Todos los Evangelios y los otros libros del Nuevo Testamento documentan esta fundamental verdad cristiana. El testimonio evangélico constituye la base del Magisterio solemne de la Iglesia en los Concilios, el cual se refleja en los símbolos de la fe (ante todo en el niceno-constantinopolitano) y también, naturalmente, en la constante enseñanza ordinaria de la Iglesia, en su liturgia, en la oración y en la vida espiritual guiada y promovida por ella.
La verdad sobre Jesucristo, Hijo de Dios, constituye, en la autorrevelación de Dios, el punto clave mediante el cual se desvela el indecible misterio de un Dios único en la Santísima Trinidad. De hecho, según la Carta a los Hebreos, cuando Dios, “últimamente en estos días, nos habló por su Hijo” (Heb 1, 2), ha desvelado la realidad de su vida íntima, de esta vida en la que El permanece en absoluta unidad en la divinidad y, al mismo tiempo, es Trinidad, es decir, divina comunión de tres Personas.

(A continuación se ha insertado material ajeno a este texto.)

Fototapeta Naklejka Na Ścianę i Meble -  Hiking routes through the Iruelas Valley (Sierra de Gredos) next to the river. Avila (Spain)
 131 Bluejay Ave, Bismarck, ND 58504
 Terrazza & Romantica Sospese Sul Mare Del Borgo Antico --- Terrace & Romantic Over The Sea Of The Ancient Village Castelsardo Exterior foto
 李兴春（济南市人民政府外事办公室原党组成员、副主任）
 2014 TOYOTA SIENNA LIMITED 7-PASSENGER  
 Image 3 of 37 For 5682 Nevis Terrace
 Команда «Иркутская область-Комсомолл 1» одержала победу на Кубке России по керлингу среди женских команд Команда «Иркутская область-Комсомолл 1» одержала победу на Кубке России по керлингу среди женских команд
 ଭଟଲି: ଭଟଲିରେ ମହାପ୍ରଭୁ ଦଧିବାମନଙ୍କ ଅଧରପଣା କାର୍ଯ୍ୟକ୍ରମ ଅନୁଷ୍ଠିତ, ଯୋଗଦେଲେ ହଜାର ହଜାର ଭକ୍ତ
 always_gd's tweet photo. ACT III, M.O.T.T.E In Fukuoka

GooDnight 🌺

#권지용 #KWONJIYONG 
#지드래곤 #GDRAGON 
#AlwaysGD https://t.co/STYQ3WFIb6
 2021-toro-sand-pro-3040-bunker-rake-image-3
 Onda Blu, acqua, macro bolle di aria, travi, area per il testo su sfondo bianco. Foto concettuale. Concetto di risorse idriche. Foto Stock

De esta comunión da testimonio directo el Hijo que “ha salido del Padre y ha venido al mundo (Jn 16, 28). El Antiguo Testamento, cuando Dios “habló… por ministerio de los profetas” (Heb 1, 1), no conocía este misterio íntimo de Dios. Ciertamente algunos elementos de la revelación veterotestamentaria constituían la preparación de la evangélica y sin embargo, sólo el Hijo podía introducirnos en este misterio.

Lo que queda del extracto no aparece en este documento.